A publisher is advertised when the manager connects but you can manually change it's state by calling .advertise() or .unadvertise()

Service calls

Service calls are made to perform an operation on ROS, with or without parameters and a response value. Create a new service call by using the following method on the manager:

func makeServiceCall(service: String) -> RBSServiceCall
  • service -- the ROS topic/node to make the request with

Example

let serviceCall = turtleManager?.makeServiceCall(service: "/reset")

The service call can be triggered by calling .send(_ response: ((_ response: RBSResponse) -> (Void))?). That optional response callback can receive the service call response and return an RBSResponse of data.

Version 0.4 moves to the RBSResponse data type, which includes additional context about the request. Use response.values to look for the data returned by the call.

Example

serviceCall?.send({ (response) -> (Void) in
    if let values = response.values as? [String:Any], let value = values["value"] as? String {
        self.number = Float64(value)
    }
})

To pass data to the service call itself, assign data to one of: dataArgument (dictionary), messageArgument (an RBSMessage object) or arrayArgument (array)

Parameters

The manager can also handle setting and getting ROS parameters by generating a service call object with preformatted properties.

func getParam(name: String) -> RBSServiceCall
func setParam(name: String, value: Any) -> RBSServiceCall

Use the regular send callback to receive data.

Design considerations

Multiple subscribers

While building a custom robot controller, I investigated the best way to subscribe to the same topic multiple times. While subscribers allow IDs to be assigned, the return values do not respect these. In practice this means that if two subscribers have different refresh rates, they will both receive the message at the fastest rate specified.

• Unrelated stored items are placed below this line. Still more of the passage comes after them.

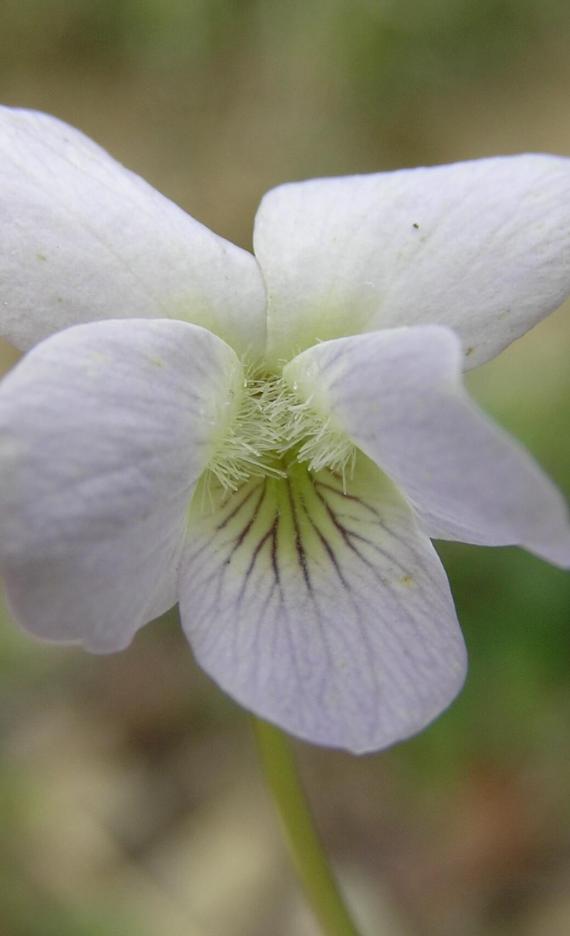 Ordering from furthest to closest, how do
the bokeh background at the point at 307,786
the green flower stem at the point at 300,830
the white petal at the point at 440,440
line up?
the bokeh background at the point at 307,786, the green flower stem at the point at 300,830, the white petal at the point at 440,440

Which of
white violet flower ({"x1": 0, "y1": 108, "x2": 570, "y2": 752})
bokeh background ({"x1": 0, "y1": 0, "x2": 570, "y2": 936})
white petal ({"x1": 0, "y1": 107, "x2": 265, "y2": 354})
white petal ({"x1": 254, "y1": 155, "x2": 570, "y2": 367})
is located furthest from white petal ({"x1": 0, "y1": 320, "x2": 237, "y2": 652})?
bokeh background ({"x1": 0, "y1": 0, "x2": 570, "y2": 936})

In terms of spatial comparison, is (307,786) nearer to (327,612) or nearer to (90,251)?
(327,612)

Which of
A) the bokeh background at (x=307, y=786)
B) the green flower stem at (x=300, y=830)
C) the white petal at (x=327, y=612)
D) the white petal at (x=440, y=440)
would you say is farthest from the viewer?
the bokeh background at (x=307, y=786)

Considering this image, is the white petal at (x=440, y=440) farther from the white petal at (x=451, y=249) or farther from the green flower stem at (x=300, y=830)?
the green flower stem at (x=300, y=830)

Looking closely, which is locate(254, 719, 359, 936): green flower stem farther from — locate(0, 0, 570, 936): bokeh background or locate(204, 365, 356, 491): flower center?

To get around this it is recommended that you use the iOS notification pattern to distribute messages based on your requirements. A single DataModel type object can subscribe to each unique topic and share the messages with the individual controllers.

Tools

Custom message generator

As a convenience, I've included a Python script to generate Swift message files. It isn't perfect, but will do most of the work necessary for the messages to compile. It is located in the Tools folder.

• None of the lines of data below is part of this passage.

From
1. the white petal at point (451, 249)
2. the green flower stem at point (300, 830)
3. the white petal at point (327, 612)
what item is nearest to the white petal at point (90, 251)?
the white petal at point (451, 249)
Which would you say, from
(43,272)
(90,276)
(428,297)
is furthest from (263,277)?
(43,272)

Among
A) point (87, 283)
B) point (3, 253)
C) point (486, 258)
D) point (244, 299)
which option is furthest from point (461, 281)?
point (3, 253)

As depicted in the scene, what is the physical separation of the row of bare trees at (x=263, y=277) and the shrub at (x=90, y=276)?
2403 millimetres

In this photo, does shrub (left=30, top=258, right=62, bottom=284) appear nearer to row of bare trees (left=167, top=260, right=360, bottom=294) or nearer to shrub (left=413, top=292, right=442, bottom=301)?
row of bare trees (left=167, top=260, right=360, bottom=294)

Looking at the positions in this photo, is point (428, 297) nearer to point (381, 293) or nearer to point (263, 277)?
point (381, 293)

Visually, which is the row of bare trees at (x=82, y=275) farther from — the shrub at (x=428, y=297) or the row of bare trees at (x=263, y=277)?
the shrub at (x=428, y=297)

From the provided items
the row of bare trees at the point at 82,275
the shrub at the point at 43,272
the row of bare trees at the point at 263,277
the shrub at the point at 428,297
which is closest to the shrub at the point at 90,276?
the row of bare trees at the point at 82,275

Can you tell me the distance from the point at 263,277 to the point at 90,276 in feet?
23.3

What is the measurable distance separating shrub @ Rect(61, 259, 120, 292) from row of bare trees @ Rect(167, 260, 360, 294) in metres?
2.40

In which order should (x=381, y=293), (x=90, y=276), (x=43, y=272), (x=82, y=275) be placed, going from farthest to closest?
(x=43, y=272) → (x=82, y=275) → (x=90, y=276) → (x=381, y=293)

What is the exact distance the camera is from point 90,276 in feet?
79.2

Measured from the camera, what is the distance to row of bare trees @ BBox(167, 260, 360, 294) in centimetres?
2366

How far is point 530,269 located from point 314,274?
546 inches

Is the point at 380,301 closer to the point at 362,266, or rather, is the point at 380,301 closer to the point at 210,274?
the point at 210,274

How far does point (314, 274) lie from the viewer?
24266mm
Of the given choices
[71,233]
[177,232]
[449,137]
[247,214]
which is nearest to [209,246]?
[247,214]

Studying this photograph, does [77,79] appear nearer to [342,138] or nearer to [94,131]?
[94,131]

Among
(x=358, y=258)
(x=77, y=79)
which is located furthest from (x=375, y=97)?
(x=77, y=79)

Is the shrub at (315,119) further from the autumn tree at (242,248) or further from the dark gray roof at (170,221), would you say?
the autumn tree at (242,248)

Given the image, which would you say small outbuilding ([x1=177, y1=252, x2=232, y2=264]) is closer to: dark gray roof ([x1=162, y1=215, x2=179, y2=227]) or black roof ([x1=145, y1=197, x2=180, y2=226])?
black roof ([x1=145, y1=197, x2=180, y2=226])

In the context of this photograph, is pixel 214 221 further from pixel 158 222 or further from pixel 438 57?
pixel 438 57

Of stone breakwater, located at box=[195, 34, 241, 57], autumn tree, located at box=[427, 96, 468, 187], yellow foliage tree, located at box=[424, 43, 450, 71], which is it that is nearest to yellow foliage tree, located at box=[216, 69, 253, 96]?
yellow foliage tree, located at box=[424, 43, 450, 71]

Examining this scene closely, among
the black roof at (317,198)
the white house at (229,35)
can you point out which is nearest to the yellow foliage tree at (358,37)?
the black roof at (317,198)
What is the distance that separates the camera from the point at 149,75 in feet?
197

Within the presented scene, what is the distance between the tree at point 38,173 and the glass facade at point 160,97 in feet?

python ./custom_messages.py [class name] [variables...n]

where

  • [class name] = the name of the file/class (should include Message for consistency)
  • [variables...n] = variable name and Swift type, separated by colon

Example:

python ./custom_messages.py ExampleMessage stringData:String floatData:Float intData:Int

Roadmap

This library changes a lot of things from my previous work and will definitely be in progress for some time. Please take that caveat into account when building a project and reach out to me if there is a feature you think the library is missing.

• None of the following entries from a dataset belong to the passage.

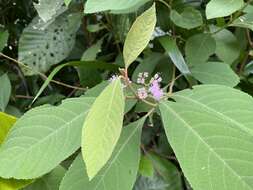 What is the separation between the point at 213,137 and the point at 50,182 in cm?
25

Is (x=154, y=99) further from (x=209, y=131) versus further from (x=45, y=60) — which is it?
(x=45, y=60)

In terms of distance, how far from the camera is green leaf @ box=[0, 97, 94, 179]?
569 millimetres

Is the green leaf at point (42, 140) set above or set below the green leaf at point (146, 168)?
above

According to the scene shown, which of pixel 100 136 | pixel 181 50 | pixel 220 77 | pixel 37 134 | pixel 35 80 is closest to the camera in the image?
pixel 100 136

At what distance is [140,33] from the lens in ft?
1.84

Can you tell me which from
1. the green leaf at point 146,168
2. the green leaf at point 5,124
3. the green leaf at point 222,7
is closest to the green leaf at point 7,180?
the green leaf at point 5,124

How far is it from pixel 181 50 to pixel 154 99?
0.26 meters

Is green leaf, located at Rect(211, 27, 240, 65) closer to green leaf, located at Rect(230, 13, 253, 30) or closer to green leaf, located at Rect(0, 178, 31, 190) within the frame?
green leaf, located at Rect(230, 13, 253, 30)

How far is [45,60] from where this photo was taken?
3.03 ft

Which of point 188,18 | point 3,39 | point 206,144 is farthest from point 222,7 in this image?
point 3,39

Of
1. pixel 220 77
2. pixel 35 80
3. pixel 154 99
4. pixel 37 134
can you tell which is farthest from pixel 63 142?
pixel 35 80

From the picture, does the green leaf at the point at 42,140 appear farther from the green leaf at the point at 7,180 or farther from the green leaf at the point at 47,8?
the green leaf at the point at 47,8

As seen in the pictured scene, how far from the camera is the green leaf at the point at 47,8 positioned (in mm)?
809

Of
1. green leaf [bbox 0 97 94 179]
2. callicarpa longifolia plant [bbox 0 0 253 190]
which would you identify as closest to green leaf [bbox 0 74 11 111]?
callicarpa longifolia plant [bbox 0 0 253 190] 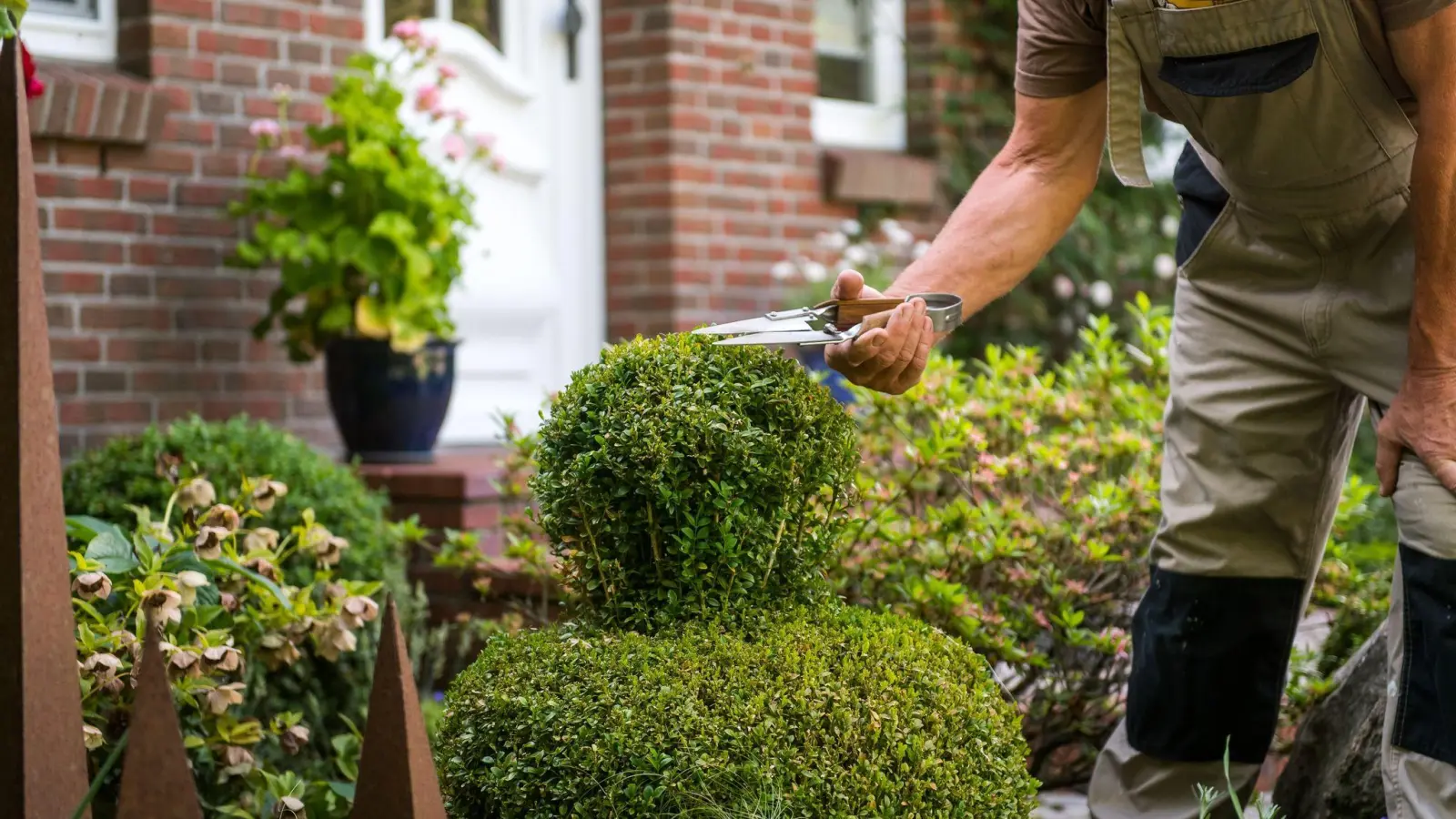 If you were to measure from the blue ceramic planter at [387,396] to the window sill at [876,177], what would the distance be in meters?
2.27

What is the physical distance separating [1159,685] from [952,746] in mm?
870

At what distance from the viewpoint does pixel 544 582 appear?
3.51 meters

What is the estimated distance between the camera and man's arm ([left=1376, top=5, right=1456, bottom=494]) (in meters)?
2.16

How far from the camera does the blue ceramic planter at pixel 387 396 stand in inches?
185

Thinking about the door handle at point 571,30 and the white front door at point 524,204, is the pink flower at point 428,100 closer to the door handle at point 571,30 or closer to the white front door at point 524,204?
the white front door at point 524,204

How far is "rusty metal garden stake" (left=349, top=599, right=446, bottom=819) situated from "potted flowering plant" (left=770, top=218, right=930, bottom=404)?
Result: 428 centimetres

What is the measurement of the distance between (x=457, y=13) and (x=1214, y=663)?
400 cm

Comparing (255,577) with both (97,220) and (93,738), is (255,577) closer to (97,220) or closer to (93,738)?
(93,738)

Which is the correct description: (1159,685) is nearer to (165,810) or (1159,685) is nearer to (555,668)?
(555,668)

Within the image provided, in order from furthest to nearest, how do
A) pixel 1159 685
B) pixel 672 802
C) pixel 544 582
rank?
pixel 544 582 < pixel 1159 685 < pixel 672 802

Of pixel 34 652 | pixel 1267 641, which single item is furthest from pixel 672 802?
pixel 1267 641

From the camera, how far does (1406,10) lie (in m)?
2.15

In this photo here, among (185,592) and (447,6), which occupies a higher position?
(447,6)

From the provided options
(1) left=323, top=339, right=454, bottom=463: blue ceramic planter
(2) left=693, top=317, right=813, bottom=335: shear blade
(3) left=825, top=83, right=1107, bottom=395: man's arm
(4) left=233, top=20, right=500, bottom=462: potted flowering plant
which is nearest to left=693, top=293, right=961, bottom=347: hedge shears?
(2) left=693, top=317, right=813, bottom=335: shear blade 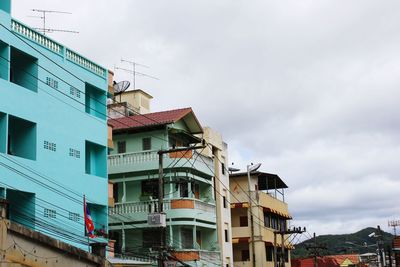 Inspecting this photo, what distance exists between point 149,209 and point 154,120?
20.2ft

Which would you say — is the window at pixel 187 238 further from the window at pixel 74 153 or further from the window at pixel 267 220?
the window at pixel 267 220

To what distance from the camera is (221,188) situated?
49.3m

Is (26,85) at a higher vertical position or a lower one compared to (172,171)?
higher

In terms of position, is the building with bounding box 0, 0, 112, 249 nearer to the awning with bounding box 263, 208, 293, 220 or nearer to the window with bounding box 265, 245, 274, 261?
the awning with bounding box 263, 208, 293, 220

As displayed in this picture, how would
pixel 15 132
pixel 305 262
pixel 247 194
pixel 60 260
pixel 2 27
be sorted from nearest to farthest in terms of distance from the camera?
1. pixel 60 260
2. pixel 2 27
3. pixel 15 132
4. pixel 247 194
5. pixel 305 262

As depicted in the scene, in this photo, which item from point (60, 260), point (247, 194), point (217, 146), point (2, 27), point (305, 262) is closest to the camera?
point (60, 260)

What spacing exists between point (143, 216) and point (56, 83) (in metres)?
11.8

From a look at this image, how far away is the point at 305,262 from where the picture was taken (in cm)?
8088

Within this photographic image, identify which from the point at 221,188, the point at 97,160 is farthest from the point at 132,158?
the point at 221,188

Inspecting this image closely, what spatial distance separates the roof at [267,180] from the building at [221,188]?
4711 mm

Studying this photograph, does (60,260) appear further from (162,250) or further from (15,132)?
(15,132)

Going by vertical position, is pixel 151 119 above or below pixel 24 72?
above

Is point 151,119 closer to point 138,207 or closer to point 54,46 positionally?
point 138,207

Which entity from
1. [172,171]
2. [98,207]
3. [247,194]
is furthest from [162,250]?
[247,194] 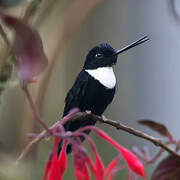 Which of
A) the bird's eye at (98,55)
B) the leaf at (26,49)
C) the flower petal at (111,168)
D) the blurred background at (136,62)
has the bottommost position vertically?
the blurred background at (136,62)

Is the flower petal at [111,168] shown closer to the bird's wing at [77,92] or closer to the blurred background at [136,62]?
the bird's wing at [77,92]

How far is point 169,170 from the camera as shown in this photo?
0.61 meters

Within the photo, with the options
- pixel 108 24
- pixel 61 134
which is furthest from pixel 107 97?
pixel 108 24

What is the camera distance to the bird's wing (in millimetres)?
1232

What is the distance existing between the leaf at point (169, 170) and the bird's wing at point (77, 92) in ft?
2.00

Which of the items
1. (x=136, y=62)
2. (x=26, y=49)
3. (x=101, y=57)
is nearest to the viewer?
(x=26, y=49)

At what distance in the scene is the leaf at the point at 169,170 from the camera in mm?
606

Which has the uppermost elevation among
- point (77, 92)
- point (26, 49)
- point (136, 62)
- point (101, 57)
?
point (26, 49)

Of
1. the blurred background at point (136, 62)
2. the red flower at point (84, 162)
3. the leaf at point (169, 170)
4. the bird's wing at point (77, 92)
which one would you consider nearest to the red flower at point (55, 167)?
the red flower at point (84, 162)

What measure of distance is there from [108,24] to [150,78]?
53 centimetres

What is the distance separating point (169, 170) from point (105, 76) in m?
0.75

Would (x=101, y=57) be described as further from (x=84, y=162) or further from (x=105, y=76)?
(x=84, y=162)

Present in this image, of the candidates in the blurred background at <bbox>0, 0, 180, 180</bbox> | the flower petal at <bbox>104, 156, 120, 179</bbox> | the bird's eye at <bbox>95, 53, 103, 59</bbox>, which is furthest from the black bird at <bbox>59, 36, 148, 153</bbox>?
the blurred background at <bbox>0, 0, 180, 180</bbox>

  • populate all standard ROS message types
  • convert all Dictionary based parameter handling to custom objects using JSON mapping

Actionlib

The rosbridge project does not mention any support for the actionlib components. The protocol is listed here. If this is functionality you're looking for, I suggest connecting with that team.

Author

wesgood, w [at] wesg [dot] ca, @wesgood

Mobile software developer, mechatronics engineer, robot enthusiast.

License

RBSManager is available under the MIT license. See the LICENSE file for more info.

TL;DR; Please do lots of cool things with my library, but share them with me so I can see what it's being used for. Even better, include a link or acknowledgement of the library in your project.